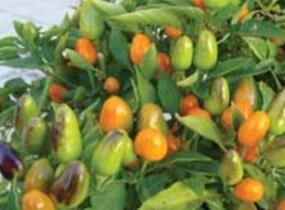 Paprika chilli okrasná 'Foxta' - Capsicum annuum 'Foxta'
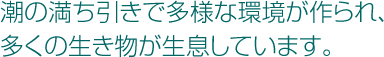 潮の満ち引きで多様な環境が作られ、多くの生き物が生息しています。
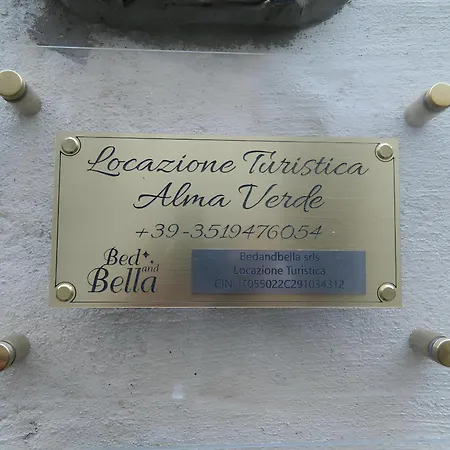 Alma Blu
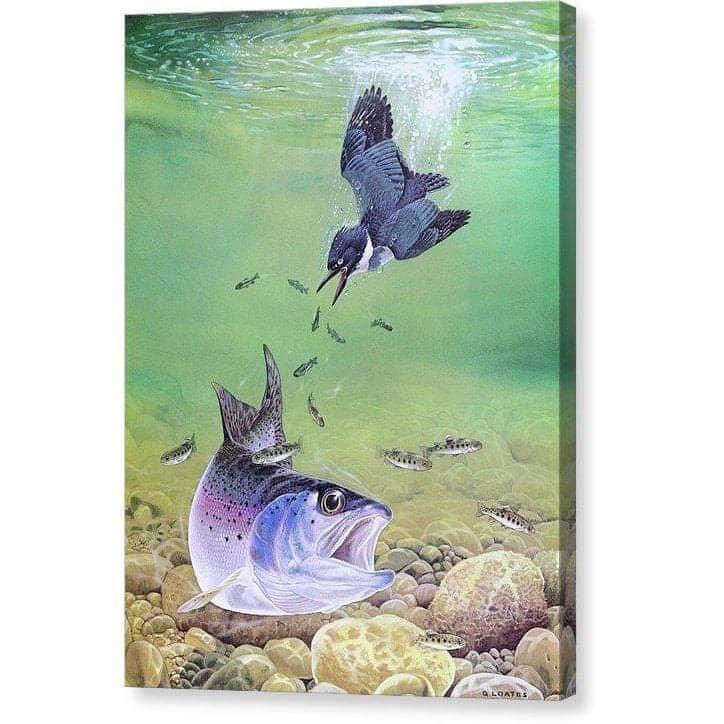 Kingfisher And Rainbow Trout by Glen Loates, gallery canvas: a kingfisher diving above a rainbow trout in a clear stream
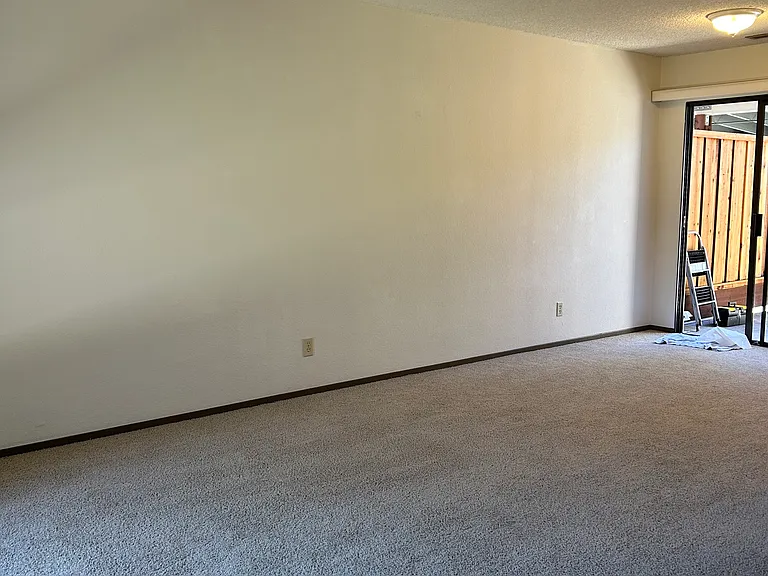 136 Peach Ter — Photo 13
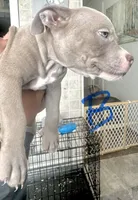 Blue, a male American Bully for sale in Lake Station, IN – 4 of 8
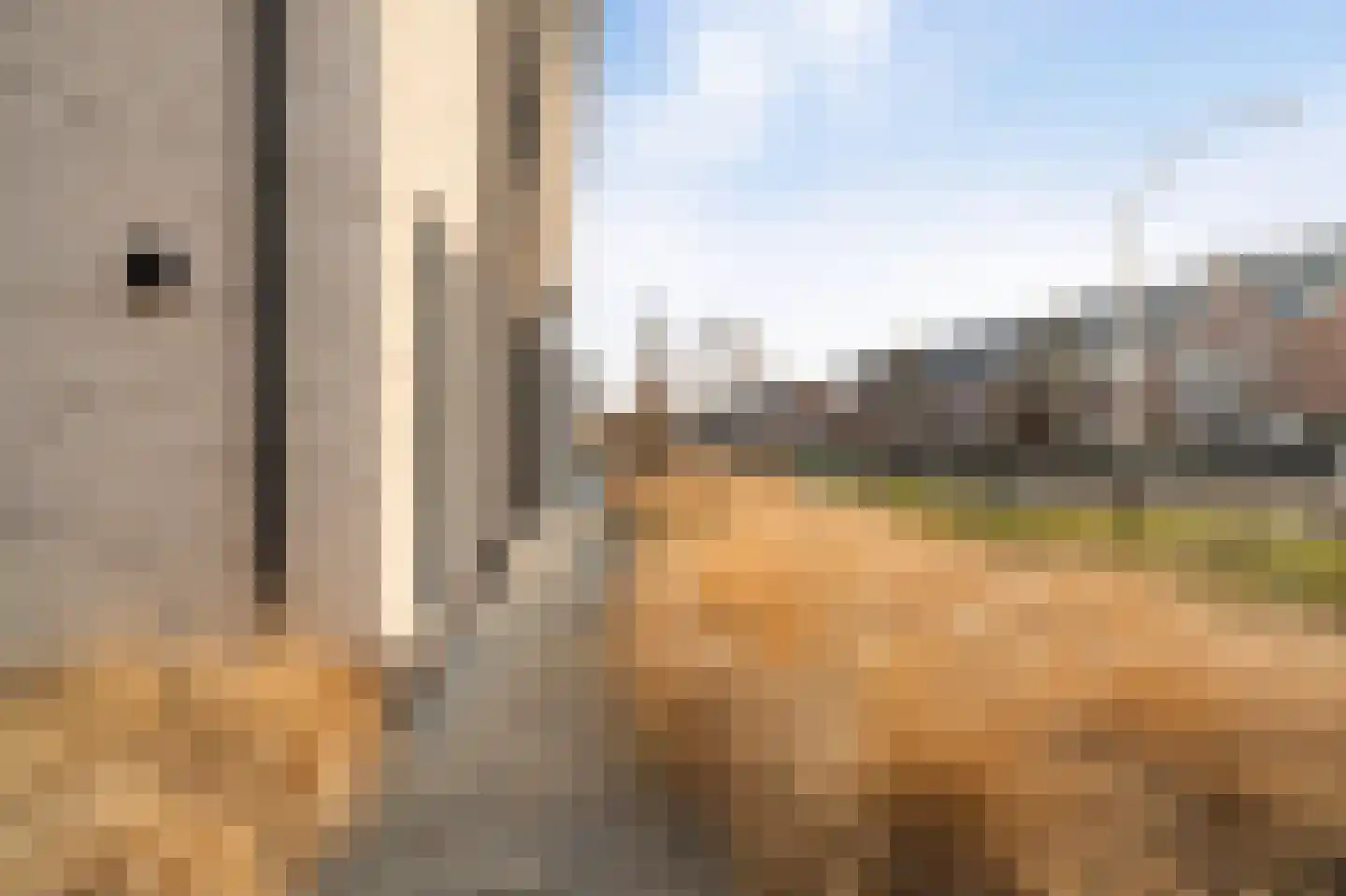 Niels Bohrhage 7 Emmeloord thumbnail 41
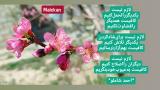 1000122976_rqba.jpg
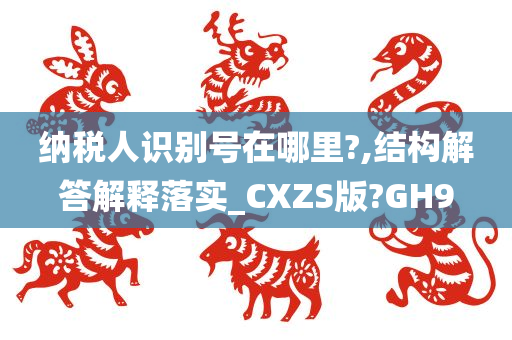 纳税人识别号在哪里?,结构解答解释落实_CXZS版?GH9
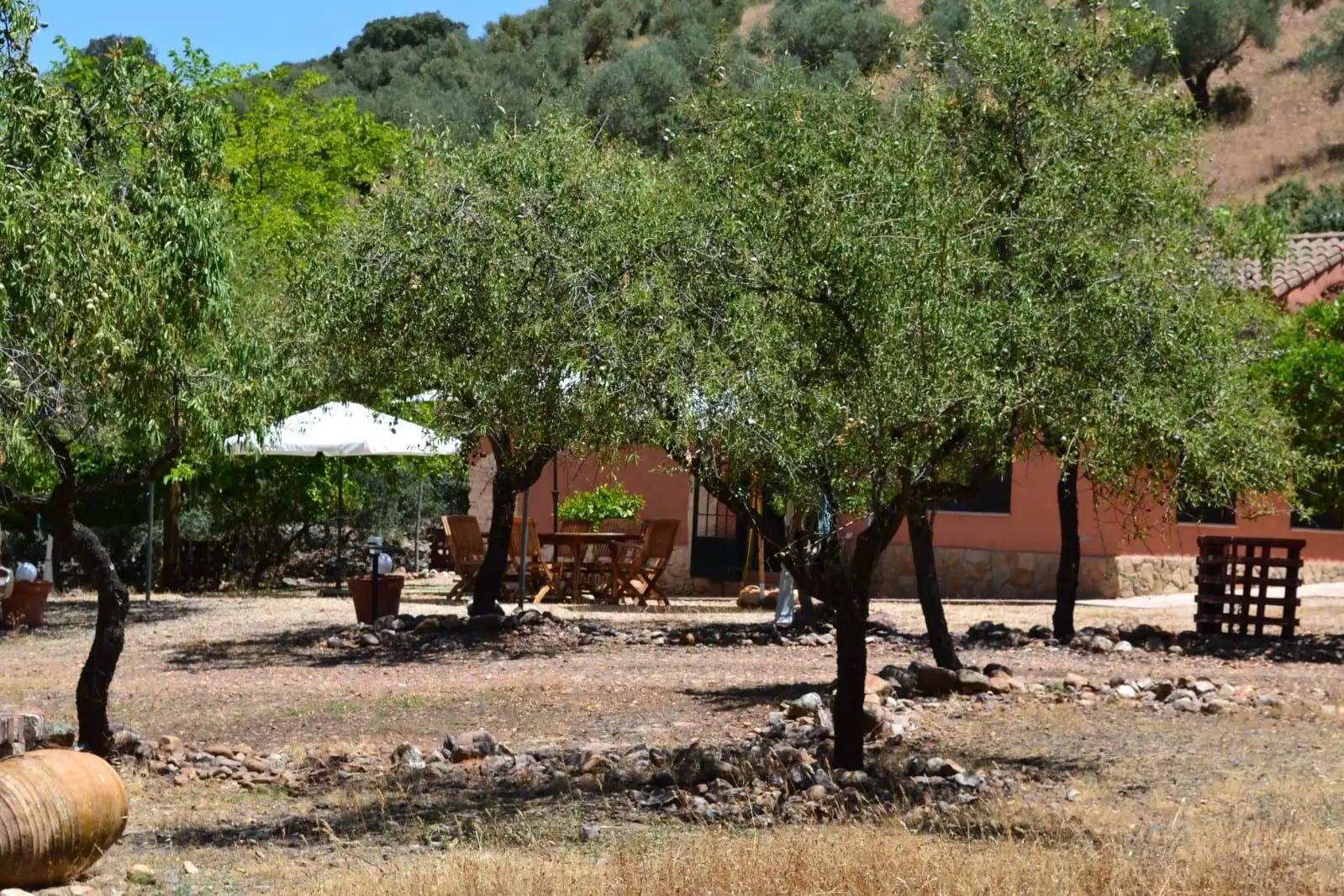 Finca rústica en venda a Belvís de la Jara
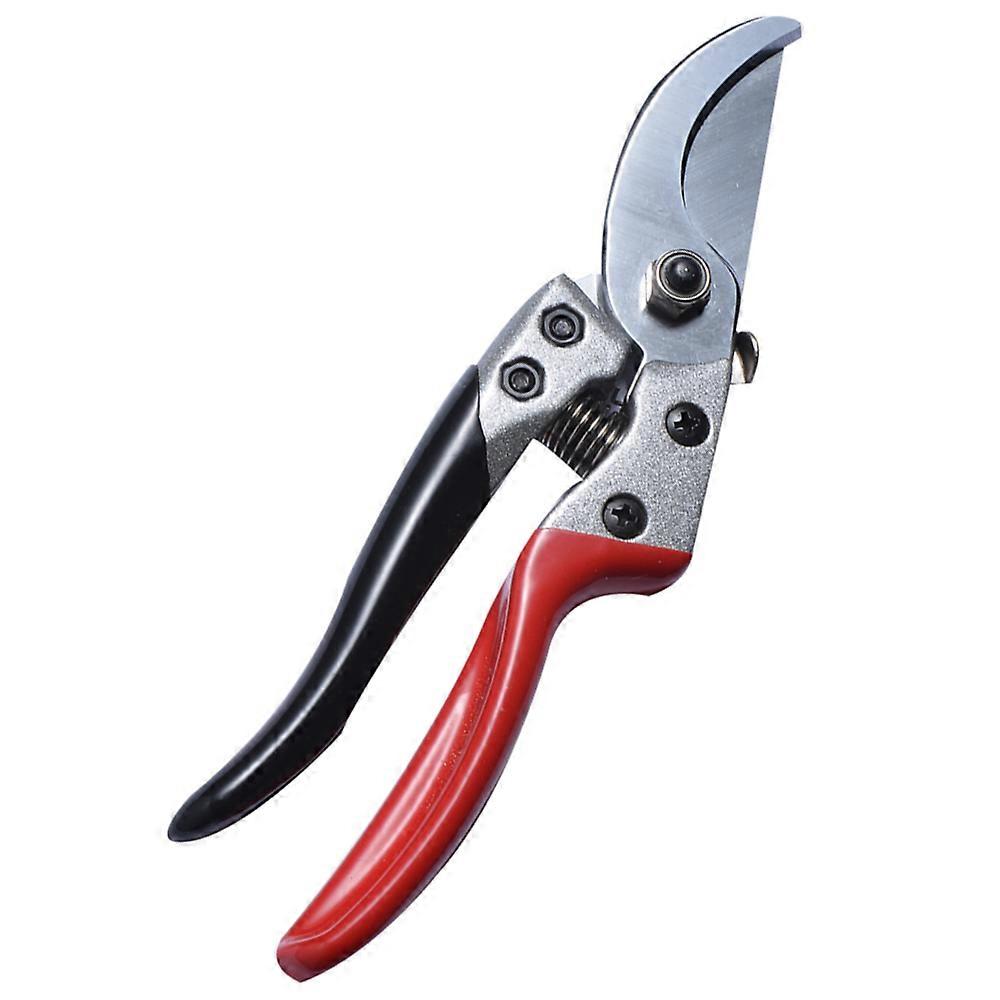 Gardening tools scissors, garden pruners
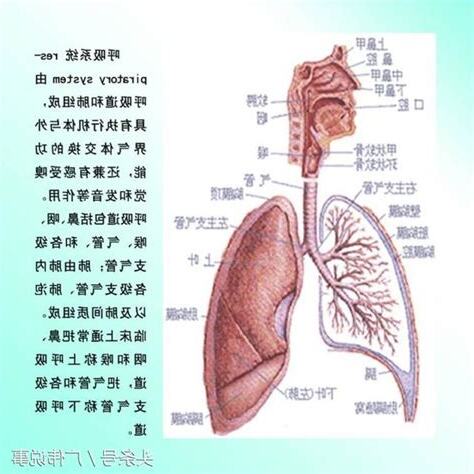 呼吸系統重點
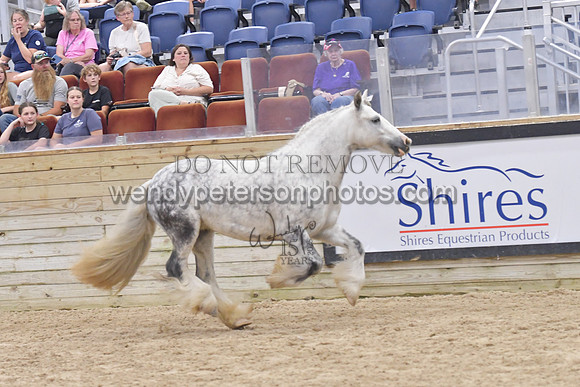 025_6811-Do_not_copy_PROOF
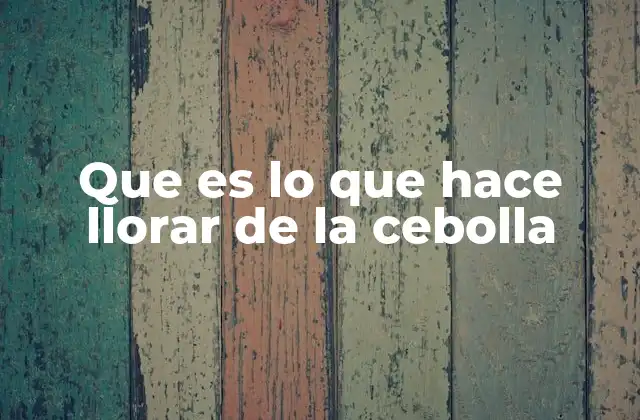 Que es Lo que Hace Llorar de la Cebolla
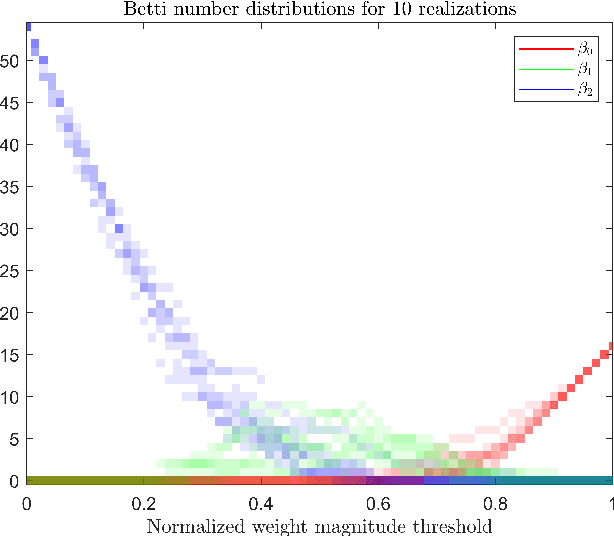 Figure 2 for Path homologies of deep feedforward networks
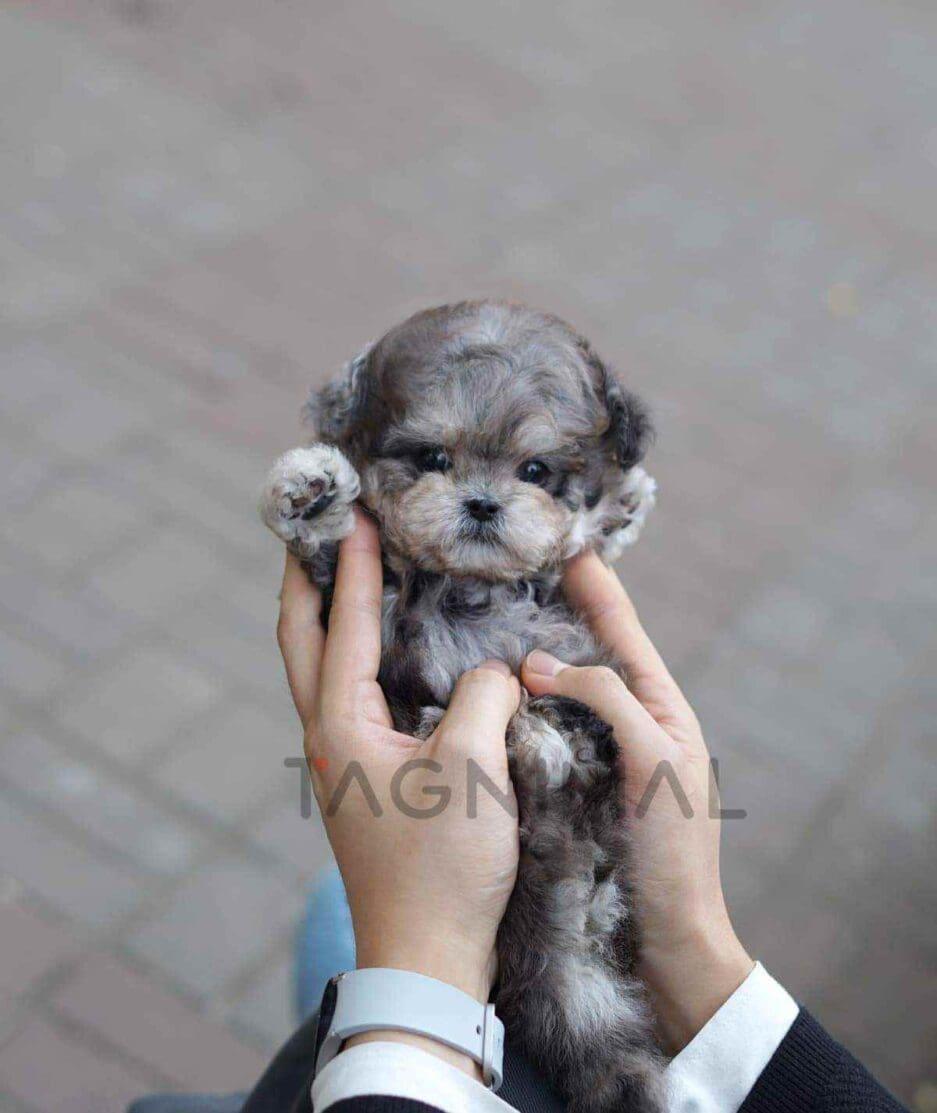 Goldendoodle puppy for sale, dog for sale at Tagnimal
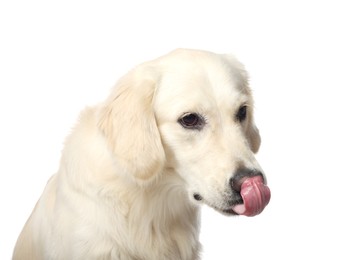 Photo of Cute Labrador Retriever showing tongue on white background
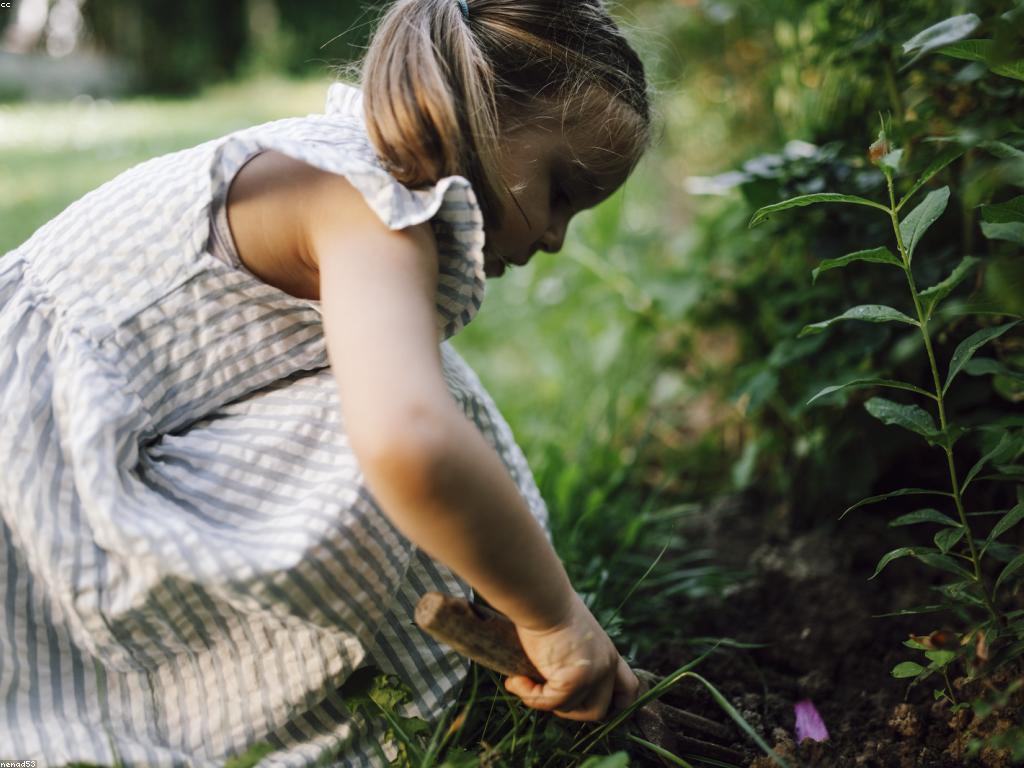 កម្មវិធី iOS សម្រាប់ការអប់រំ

--------------------------------------------------

The task: The answer must be an exact copy of the lines above, from the start of the records through the line with "Que es Lo que Hace Llorar de la Cebolla", and of nothing else; no pictures belong in it.

Task response:
 Paprika chilli okrasná 'Foxta' - Capsicum annuum 'Foxta'
 潮の満ち引きで多様な環境が作られ、多くの生き物が生息しています。
 Alma Blu
 Kingfisher And Rainbow Trout by Glen Loates, gallery canvas: a kingfisher diving above a rainbow trout in a clear stream
 136 Peach Ter — Photo 13
 Blue, a male American Bully for sale in Lake Station, IN – 4 of 8
 Niels Bohrhage 7 Emmeloord thumbnail 41
 1000122976_rqba.jpg
 纳税人识别号在哪里?,结构解答解释落实_CXZS版?GH9
 Finca rústica en venda a Belvís de la Jara
 Gardening tools scissors, garden pruners
 呼吸系統重點
 025_6811-Do_not_copy_PROOF
 Que es Lo que Hace Llorar de la Cebolla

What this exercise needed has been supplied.